▸ TASK TO CARRY OUT:
Send back all of the data, word for word.

INFORMATION SHOWN section start

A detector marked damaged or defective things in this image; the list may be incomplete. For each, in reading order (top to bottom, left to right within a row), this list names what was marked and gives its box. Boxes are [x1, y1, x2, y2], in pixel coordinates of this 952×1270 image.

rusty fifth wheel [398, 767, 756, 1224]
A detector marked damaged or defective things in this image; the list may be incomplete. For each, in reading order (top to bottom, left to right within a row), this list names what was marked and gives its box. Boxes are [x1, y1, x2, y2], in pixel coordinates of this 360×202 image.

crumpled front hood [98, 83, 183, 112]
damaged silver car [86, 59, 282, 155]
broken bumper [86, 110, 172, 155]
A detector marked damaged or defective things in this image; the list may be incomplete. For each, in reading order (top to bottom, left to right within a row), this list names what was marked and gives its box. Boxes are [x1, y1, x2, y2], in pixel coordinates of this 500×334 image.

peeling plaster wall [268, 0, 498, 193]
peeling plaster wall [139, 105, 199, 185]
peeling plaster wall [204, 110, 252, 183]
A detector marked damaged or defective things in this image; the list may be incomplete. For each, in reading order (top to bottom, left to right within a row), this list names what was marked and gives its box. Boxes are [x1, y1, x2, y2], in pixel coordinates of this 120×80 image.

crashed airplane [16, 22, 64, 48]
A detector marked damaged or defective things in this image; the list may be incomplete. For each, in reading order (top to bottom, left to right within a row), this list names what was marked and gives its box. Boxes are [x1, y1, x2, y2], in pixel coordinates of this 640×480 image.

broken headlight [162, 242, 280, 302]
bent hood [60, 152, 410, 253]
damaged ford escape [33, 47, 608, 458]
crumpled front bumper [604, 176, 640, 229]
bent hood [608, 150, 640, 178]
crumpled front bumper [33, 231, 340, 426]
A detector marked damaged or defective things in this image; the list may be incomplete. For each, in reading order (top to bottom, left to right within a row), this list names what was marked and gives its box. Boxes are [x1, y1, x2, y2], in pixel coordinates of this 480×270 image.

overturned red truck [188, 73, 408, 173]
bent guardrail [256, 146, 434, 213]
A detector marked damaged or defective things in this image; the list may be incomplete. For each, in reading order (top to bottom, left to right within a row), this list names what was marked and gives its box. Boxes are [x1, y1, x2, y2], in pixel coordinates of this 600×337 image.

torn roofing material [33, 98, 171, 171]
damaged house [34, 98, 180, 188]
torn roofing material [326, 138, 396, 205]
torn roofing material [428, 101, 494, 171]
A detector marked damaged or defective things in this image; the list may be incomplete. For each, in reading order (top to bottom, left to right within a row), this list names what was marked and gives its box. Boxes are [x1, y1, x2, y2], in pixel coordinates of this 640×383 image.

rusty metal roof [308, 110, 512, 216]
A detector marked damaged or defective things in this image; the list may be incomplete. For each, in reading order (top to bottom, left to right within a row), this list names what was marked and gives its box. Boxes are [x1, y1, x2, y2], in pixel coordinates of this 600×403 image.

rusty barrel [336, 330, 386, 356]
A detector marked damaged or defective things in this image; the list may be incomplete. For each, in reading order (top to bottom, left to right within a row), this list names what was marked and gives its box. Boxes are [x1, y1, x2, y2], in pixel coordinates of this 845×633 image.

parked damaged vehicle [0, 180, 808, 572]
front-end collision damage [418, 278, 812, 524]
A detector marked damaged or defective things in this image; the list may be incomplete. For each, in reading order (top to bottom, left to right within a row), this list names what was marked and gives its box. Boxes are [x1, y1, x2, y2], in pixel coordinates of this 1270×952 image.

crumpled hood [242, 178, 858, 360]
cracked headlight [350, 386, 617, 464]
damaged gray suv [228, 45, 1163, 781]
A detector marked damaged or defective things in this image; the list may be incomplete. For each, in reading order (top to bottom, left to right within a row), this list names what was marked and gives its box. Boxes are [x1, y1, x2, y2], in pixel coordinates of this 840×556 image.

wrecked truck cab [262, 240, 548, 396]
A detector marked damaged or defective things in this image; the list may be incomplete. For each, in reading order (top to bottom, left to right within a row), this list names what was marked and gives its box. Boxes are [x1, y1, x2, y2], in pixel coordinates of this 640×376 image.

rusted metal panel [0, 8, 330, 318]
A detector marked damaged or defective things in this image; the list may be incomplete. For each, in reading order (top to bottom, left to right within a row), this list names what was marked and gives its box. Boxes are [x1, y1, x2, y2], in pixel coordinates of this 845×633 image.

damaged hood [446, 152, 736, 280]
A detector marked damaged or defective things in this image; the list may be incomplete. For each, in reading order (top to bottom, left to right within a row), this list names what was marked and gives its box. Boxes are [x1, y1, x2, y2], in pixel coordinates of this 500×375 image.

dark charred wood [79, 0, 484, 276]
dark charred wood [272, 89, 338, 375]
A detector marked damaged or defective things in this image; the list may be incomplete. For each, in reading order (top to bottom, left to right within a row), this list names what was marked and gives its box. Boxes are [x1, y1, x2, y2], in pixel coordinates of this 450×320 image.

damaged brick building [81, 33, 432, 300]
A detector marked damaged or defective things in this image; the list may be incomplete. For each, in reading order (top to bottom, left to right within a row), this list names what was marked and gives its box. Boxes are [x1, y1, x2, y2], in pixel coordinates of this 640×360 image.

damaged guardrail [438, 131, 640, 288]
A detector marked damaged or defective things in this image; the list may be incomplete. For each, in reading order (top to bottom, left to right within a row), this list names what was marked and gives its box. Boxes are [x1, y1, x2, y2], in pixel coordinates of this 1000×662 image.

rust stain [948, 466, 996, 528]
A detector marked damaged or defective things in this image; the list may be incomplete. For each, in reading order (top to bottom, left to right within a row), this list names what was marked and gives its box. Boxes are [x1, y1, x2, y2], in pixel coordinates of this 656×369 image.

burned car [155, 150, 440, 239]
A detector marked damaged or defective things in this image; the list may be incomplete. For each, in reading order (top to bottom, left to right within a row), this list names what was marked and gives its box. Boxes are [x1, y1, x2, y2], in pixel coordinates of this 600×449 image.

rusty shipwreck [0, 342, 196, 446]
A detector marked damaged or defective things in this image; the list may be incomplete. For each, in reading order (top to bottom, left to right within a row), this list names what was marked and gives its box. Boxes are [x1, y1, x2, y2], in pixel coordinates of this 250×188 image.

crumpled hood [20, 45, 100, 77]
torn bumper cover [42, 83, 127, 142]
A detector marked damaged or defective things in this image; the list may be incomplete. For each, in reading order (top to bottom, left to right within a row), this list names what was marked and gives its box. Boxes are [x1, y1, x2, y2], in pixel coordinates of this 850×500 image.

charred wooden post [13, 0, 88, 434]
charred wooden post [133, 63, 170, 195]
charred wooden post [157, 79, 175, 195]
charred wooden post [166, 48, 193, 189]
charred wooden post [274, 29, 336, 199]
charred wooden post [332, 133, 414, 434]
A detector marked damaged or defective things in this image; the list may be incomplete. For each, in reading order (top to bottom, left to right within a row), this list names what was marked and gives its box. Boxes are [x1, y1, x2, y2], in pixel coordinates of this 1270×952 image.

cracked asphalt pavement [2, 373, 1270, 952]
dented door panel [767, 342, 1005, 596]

INFORMATION SHOWN section end

▸ RESPONSE TO THE EXERCISE:
A detector marked damaged or defective things in this image; the list may be incomplete. For each, in reading order (top to bottom, left to right within a row), this list names what was marked and gives its box. Boxes are [x1, y1, x2, y2], in pixel coordinates of this 952×1270 image.

rusty fifth wheel [398, 767, 756, 1224]
A detector marked damaged or defective things in this image; the list may be incomplete. For each, in reading order (top to bottom, left to right within a row), this list names what was marked and gives its box. Boxes are [x1, y1, x2, y2], in pixel coordinates of this 360×202 image.

crumpled front hood [98, 83, 183, 112]
damaged silver car [86, 59, 282, 155]
broken bumper [86, 110, 172, 155]
A detector marked damaged or defective things in this image; the list may be incomplete. For each, in reading order (top to bottom, left to right within a row), this list names what was marked and gives its box. Boxes are [x1, y1, x2, y2], in pixel coordinates of this 500×334 image.

peeling plaster wall [268, 0, 498, 193]
peeling plaster wall [139, 105, 199, 185]
peeling plaster wall [204, 110, 252, 183]
A detector marked damaged or defective things in this image; the list may be incomplete. For each, in reading order (top to bottom, left to right within a row), this list names what was marked and gives its box. Boxes are [x1, y1, x2, y2], in pixel coordinates of this 120×80 image.

crashed airplane [16, 22, 64, 48]
A detector marked damaged or defective things in this image; the list may be incomplete. For each, in reading order (top to bottom, left to right within a row), this list names what was marked and gives its box. Boxes are [x1, y1, x2, y2], in pixel coordinates of this 640×480 image.

broken headlight [162, 242, 280, 302]
bent hood [60, 152, 410, 253]
damaged ford escape [33, 47, 608, 458]
crumpled front bumper [604, 176, 640, 229]
bent hood [608, 150, 640, 178]
crumpled front bumper [33, 231, 340, 426]
A detector marked damaged or defective things in this image; the list may be incomplete. For each, in reading order (top to bottom, left to right within a row), this list names what was marked and gives its box. Boxes are [x1, y1, x2, y2], in pixel coordinates of this 480×270 image.

overturned red truck [188, 73, 408, 173]
bent guardrail [256, 146, 434, 213]
A detector marked damaged or defective things in this image; the list may be incomplete. For each, in reading order (top to bottom, left to right within a row), this list names what was marked and gives its box. Boxes are [x1, y1, x2, y2], in pixel coordinates of this 600×337 image.

torn roofing material [33, 98, 171, 171]
damaged house [34, 98, 180, 188]
torn roofing material [326, 138, 396, 205]
torn roofing material [428, 101, 494, 171]
A detector marked damaged or defective things in this image; the list may be incomplete. For each, in reading order (top to bottom, left to right within a row), this list names what was marked and gives its box. Boxes are [x1, y1, x2, y2], in pixel coordinates of this 640×383 image.

rusty metal roof [308, 110, 512, 216]
A detector marked damaged or defective things in this image; the list may be incomplete. For each, in reading order (top to bottom, left to right within a row), this list names what was marked and gives its box. Boxes are [x1, y1, x2, y2], in pixel coordinates of this 600×403 image.

rusty barrel [336, 330, 386, 356]
A detector marked damaged or defective things in this image; the list may be incomplete. For each, in reading order (top to bottom, left to right within a row), this list names what was marked and gives its box. Boxes are [x1, y1, x2, y2], in pixel coordinates of this 845×633 image.

parked damaged vehicle [0, 180, 808, 572]
front-end collision damage [418, 278, 812, 524]
A detector marked damaged or defective things in this image; the list may be incomplete. For each, in reading order (top to bottom, left to right within a row), this list names what was marked and gives its box. Boxes are [x1, y1, x2, y2], in pixel coordinates of this 1270×952 image.

crumpled hood [242, 178, 858, 360]
cracked headlight [350, 386, 617, 464]
damaged gray suv [228, 45, 1163, 781]
A detector marked damaged or defective things in this image; the list may be incomplete. For each, in reading order (top to bottom, left to right within a row), this list names what was marked and gives its box. Boxes are [x1, y1, x2, y2], in pixel coordinates of this 840×556 image.

wrecked truck cab [262, 240, 548, 396]
A detector marked damaged or defective things in this image; the list may be incomplete. For each, in reading order (top to bottom, left to right within a row), this list names what was marked and gives its box. Boxes are [x1, y1, x2, y2], in pixel coordinates of this 640×376 image.

rusted metal panel [0, 8, 330, 318]
A detector marked damaged or defective things in this image; the list may be incomplete. For each, in reading order (top to bottom, left to right within a row), this list names what was marked and gives its box. Boxes are [x1, y1, x2, y2], in pixel coordinates of this 845×633 image.

damaged hood [446, 152, 736, 280]
A detector marked damaged or defective things in this image; the list may be incomplete. For each, in reading order (top to bottom, left to right within a row), this list names what was marked and gives its box. Boxes are [x1, y1, x2, y2], in pixel coordinates of this 500×375 image.

dark charred wood [79, 0, 484, 276]
dark charred wood [272, 89, 338, 375]
A detector marked damaged or defective things in this image; the list may be incomplete. For each, in reading order (top to bottom, left to right within a row), this list names what was marked and gives its box. Boxes are [x1, y1, x2, y2], in pixel coordinates of this 450×320 image.

damaged brick building [81, 33, 432, 300]
A detector marked damaged or defective things in this image; the list may be incomplete. For each, in reading order (top to bottom, left to right within a row), this list names what was marked and gives its box. Boxes are [x1, y1, x2, y2], in pixel coordinates of this 640×360 image.

damaged guardrail [438, 131, 640, 288]
A detector marked damaged or defective things in this image; the list may be incomplete. For each, in reading order (top to bottom, left to right within a row), this list names what was marked and gives its box. Boxes are [x1, y1, x2, y2], in pixel coordinates of this 1000×662 image.

rust stain [948, 466, 996, 528]
A detector marked damaged or defective things in this image; the list may be incomplete. For each, in reading order (top to bottom, left to right within a row), this list names what was marked and gives its box. Boxes are [x1, y1, x2, y2], in pixel coordinates of this 656×369 image.

burned car [155, 150, 440, 239]
A detector marked damaged or defective things in this image; the list may be incomplete. For each, in reading order (top to bottom, left to right within a row), this list names what was marked and gives its box. Boxes are [x1, y1, x2, y2], in pixel coordinates of this 600×449 image.

rusty shipwreck [0, 342, 196, 446]
A detector marked damaged or defective things in this image; the list may be incomplete. For each, in reading order (top to bottom, left to right within a row), this list names what was marked and gives its box. Boxes are [x1, y1, x2, y2], in pixel coordinates of this 250×188 image.

crumpled hood [20, 45, 100, 77]
torn bumper cover [42, 83, 127, 142]
A detector marked damaged or defective things in this image; the list may be incomplete. For each, in reading order (top to bottom, left to right within a row), this list names what was marked and gives its box. Boxes are [x1, y1, x2, y2], in pixel coordinates of this 850×500 image.

charred wooden post [13, 0, 88, 434]
charred wooden post [133, 63, 170, 195]
charred wooden post [157, 79, 175, 195]
charred wooden post [166, 48, 193, 189]
charred wooden post [274, 29, 336, 199]
charred wooden post [332, 133, 414, 434]
A detector marked damaged or defective things in this image; the list may be incomplete. For each, in reading order (top to bottom, left to right within a row), this list names what was marked and gives its box. Boxes are [x1, y1, x2, y2], in pixel coordinates of this 1270×952 image.

cracked asphalt pavement [2, 373, 1270, 952]
dented door panel [767, 342, 1005, 596]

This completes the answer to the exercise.